When I went back to for my first post-op appointment, I explained to the surgeon that I was still in a LOT of pain. She told me that was normal and prescribed another month of Percocet and told me to come back in a month. In between the two appointments, my left side (they removed my left kidney) bubbled out and I was still in a lot a pain. When I went back to my second post-op appointment and showed the surgeon my left side and explained that I was experiencing more pain than I had been in the previous month, her reaction to my left side was just “hum” and for the pain she told me that it would go away that my body needed to get used to having just one kidney, not to lift anything over 5 pounds and stay off my feet for a while. For months after the transplant I tried to get the surgeon to understand that something was not right, it is my body and I know my own body.  After months of begging and pleading with the surgeon and the hospital, I got another appointment with the surgeon in June of 2013. Of course, by then my mom’s insurance no longer covered me and Emory wanted me to foot the bills. At that appointment, my mom’s surgeon saw us in the waiting area and thought that something was going on with my mom. When he came over and asked, my mom explained what had been going on with me and HE was the one that got Emory to give me a CT Scan and cover the cost. When I went back in July of 2013, my surgeon said she could not see any complications from the kidney transplant and sent me back home.
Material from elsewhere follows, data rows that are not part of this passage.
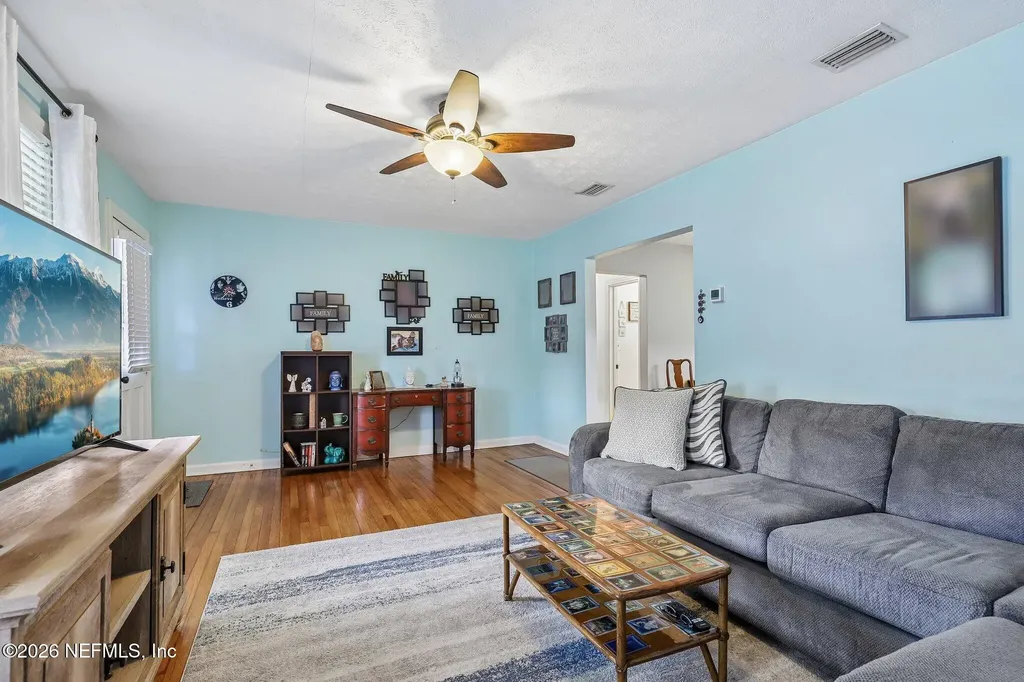4833 Post Street Jacksonville FL 32205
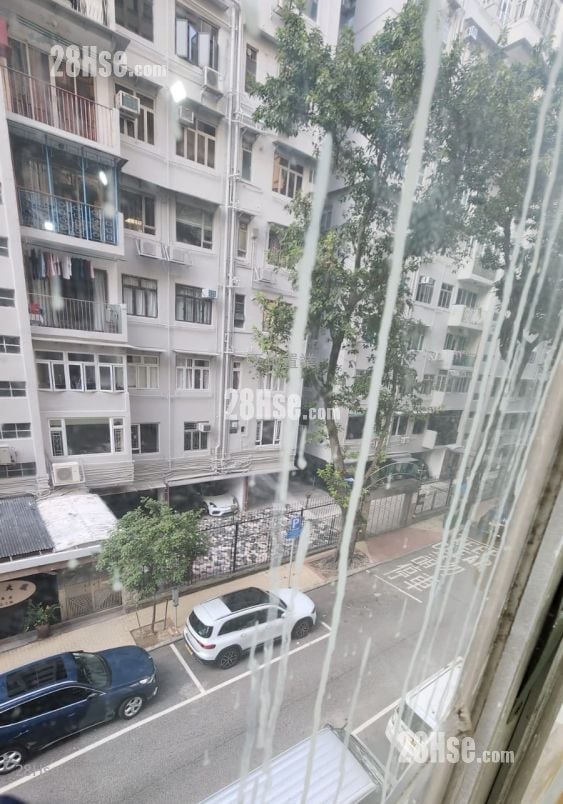 Deltec Court Sell 693 ft²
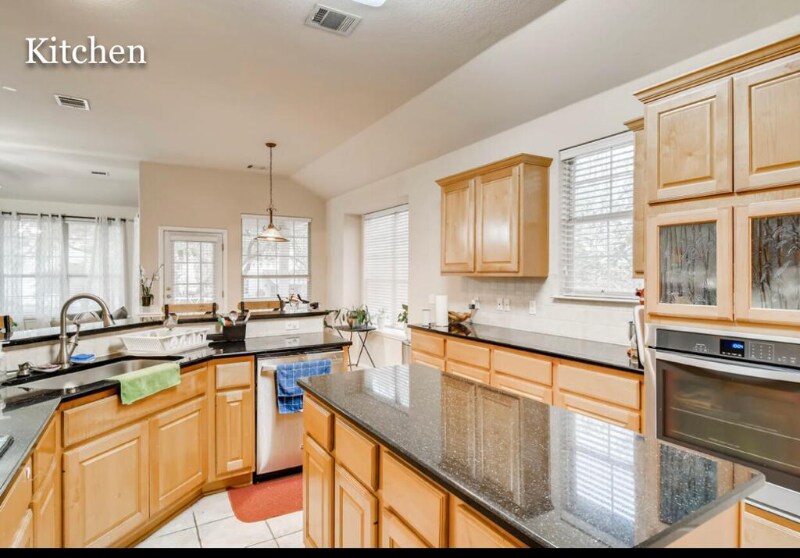 Building Photo - 207 Chesapeake Bay Ln N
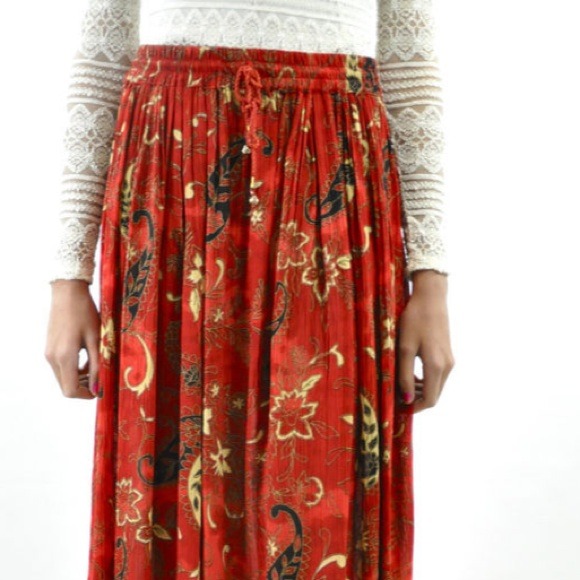 ✋Reserved✋👏Host Pick👏. Red Paisley Maxi - Picture 2 of 4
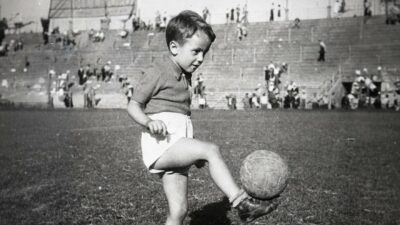 Copertina di La Milano sparita del divin Mazzola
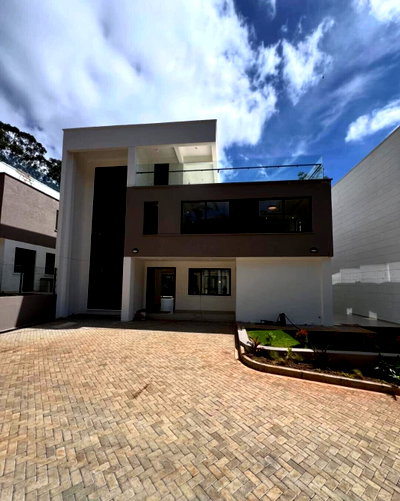 1/8 Acre Townhouse with 6BR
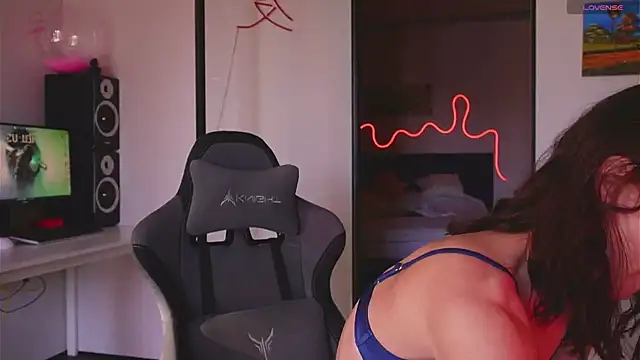 Snapshot of Limy_Sweet chatting on 02-23-26, 08:44 Limy Sweet online show from 02-23-26, 08:44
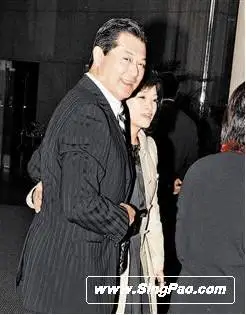 香港影坛大哥邓光荣猝死曾斥郑少秋不管肥姐母女3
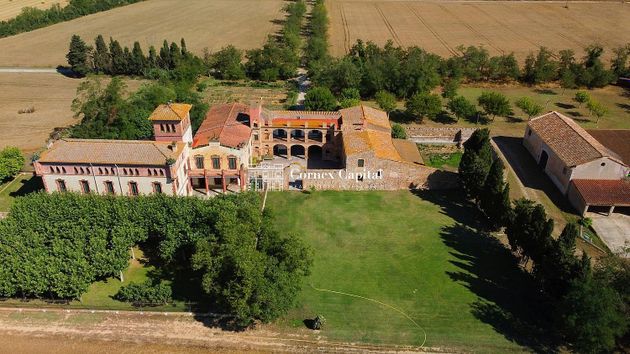 Foto 2 de Casa rural en venda a Castelló d'Empúries poble de 13 habitacions amb terrassa i garatge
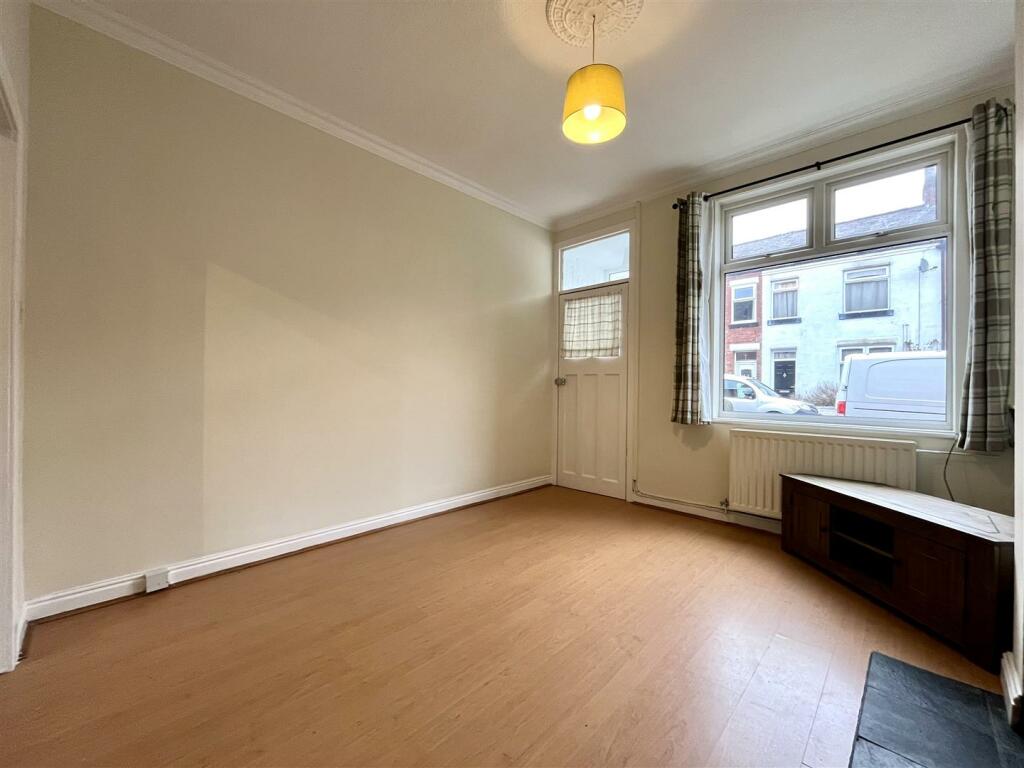 Living Room Aspect 3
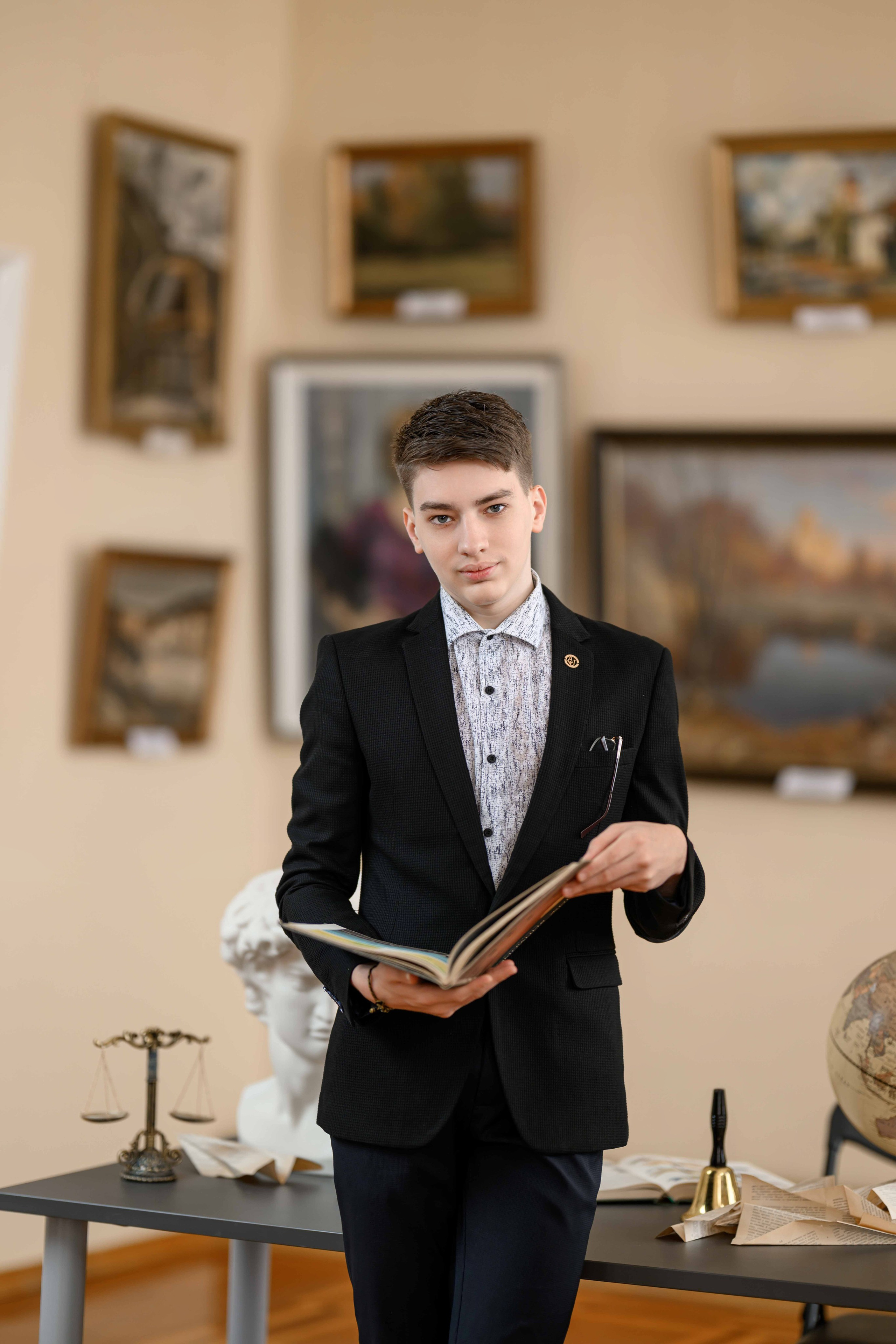 Съёмка в музеее. Свадебный фотограф Белгород Валуйки Старый Оскол Воронеж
Now it is 4 years later, my left side is MUCH bigger than my right side. I am unable to return to work due to the pain that I experience every day of my life. I can’t get Emory or the surgeon to do anything for me. I have talked to the National Kidney Foundation, UNOS, and the Georgia Transplant Foundation and have found out that Emory was suppose to follow me for two years after surgery, but they didn’t even follow me for one year. I, much like Debbie, have had to handle this all on my own. See, believe it or not, my mom is the only person that I have ever talked to about things in my life, she has always been my best friend, not just my mom. Not because I don’t have friends, but I just am usually not the type of person to tell my personal stuff to other people. Of course, I have my husband, but he is a truck driver, so he is gone most of the time and it is just me. There is no way I can tell my mom the complications and pain that I am having due to giving her a kidney, she would guilt herself to death. So I hide it from her. I can’t tell my brothers for fear they may let it slip in front of my mom. So to say I fight depression is an understatement. I have asked for helped from any and every foundation that I can find. I have researched Living Donor Organizations and that is how I came across LDO. I have even gone as far as contacting my mom’s surgeon even though he is no longer at Emory. I contacted everyone including the director of Emory and to no avail. Even with my mom’s surgeon no longer being at Emory (he is now at Duke University in North Carolina), he tried to talk to my surgeon and stated he would waive his fee for seeing me, but could not waive the hospital fee and fees for tests. So where do I go from here? I have applied for disability, don’t know that I will get it until August.